Exercise: After finding the line with "sepatu wanita flatshoes", restate it and each remaining line of the material word for word, omitting every picture.

Information provided:
===
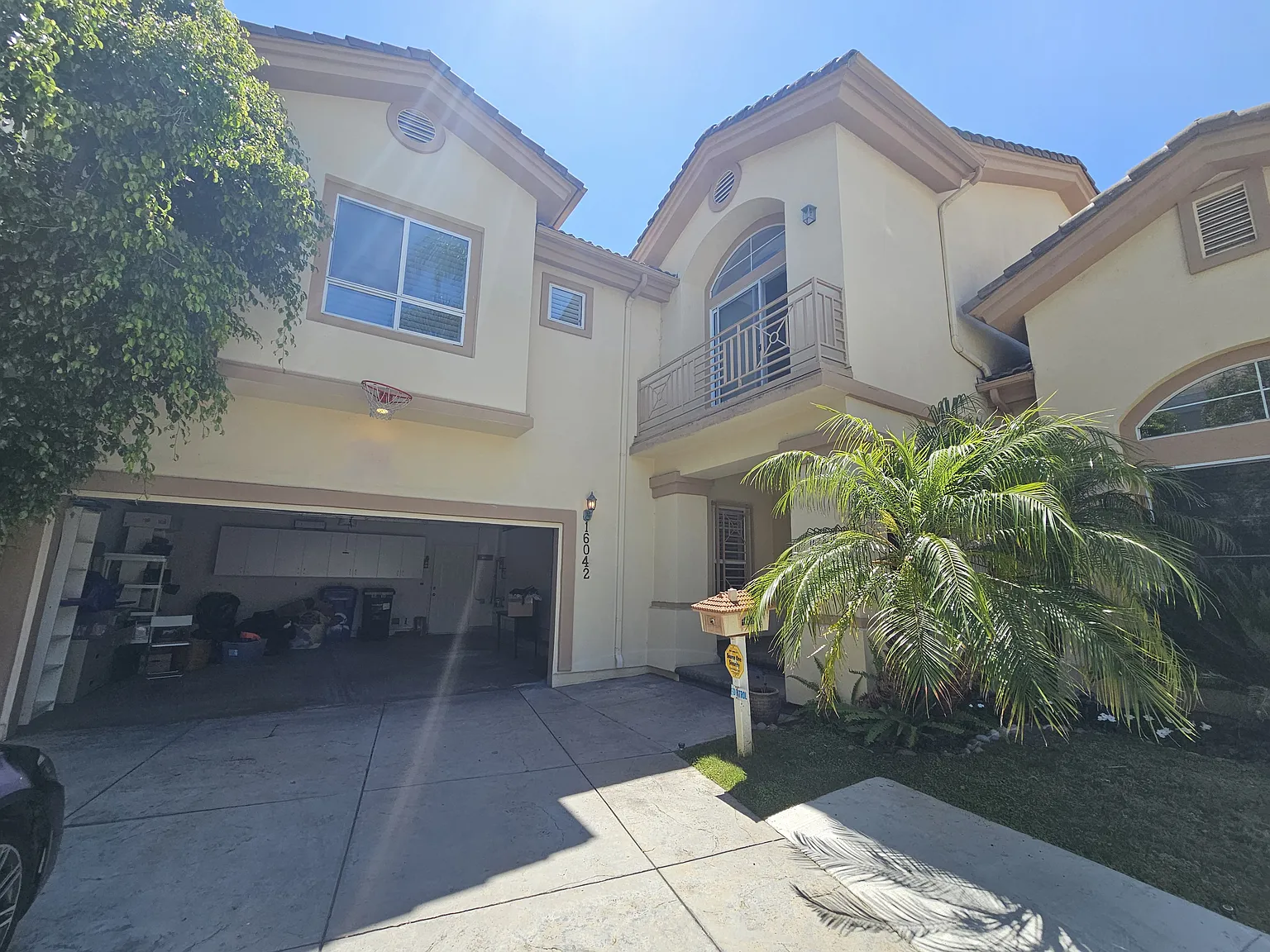 5 bed, 3.5 bath, 3467 sqft, $8,800 — Photo 2
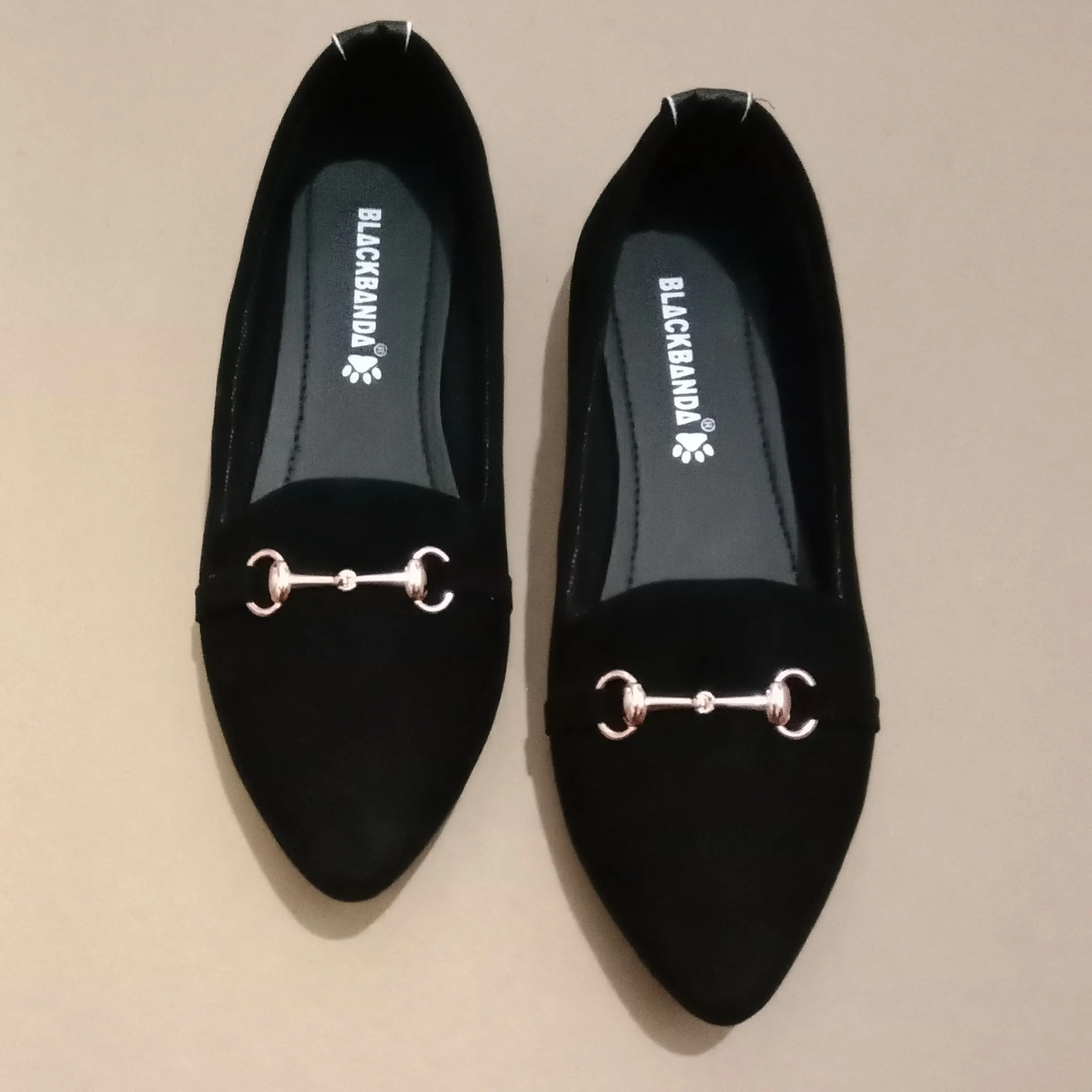 sepatu wanita flatshoes blackbanda lidah R-03 TERBARU mobil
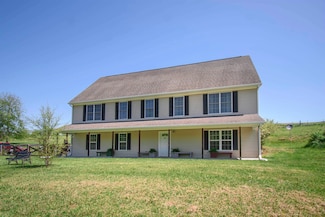 1637 Christiansburg Pike NE, Floyd, VA 24091
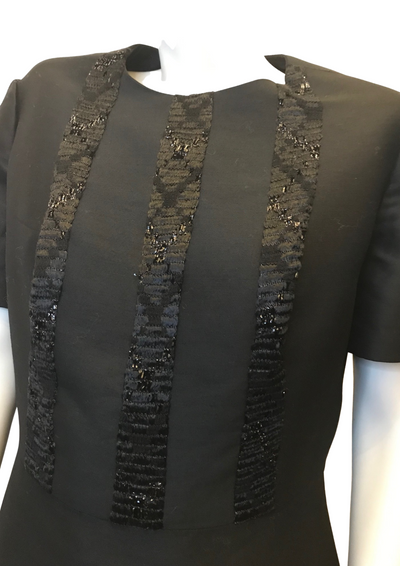 Robe courte pailletée Taille 42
===
Output for this task:
 sepatu wanita flatshoes blackbanda lidah R-03 TERBARU mobil
 1637 Christiansburg Pike NE, Floyd, VA 24091
 Robe courte pailletée Taille 42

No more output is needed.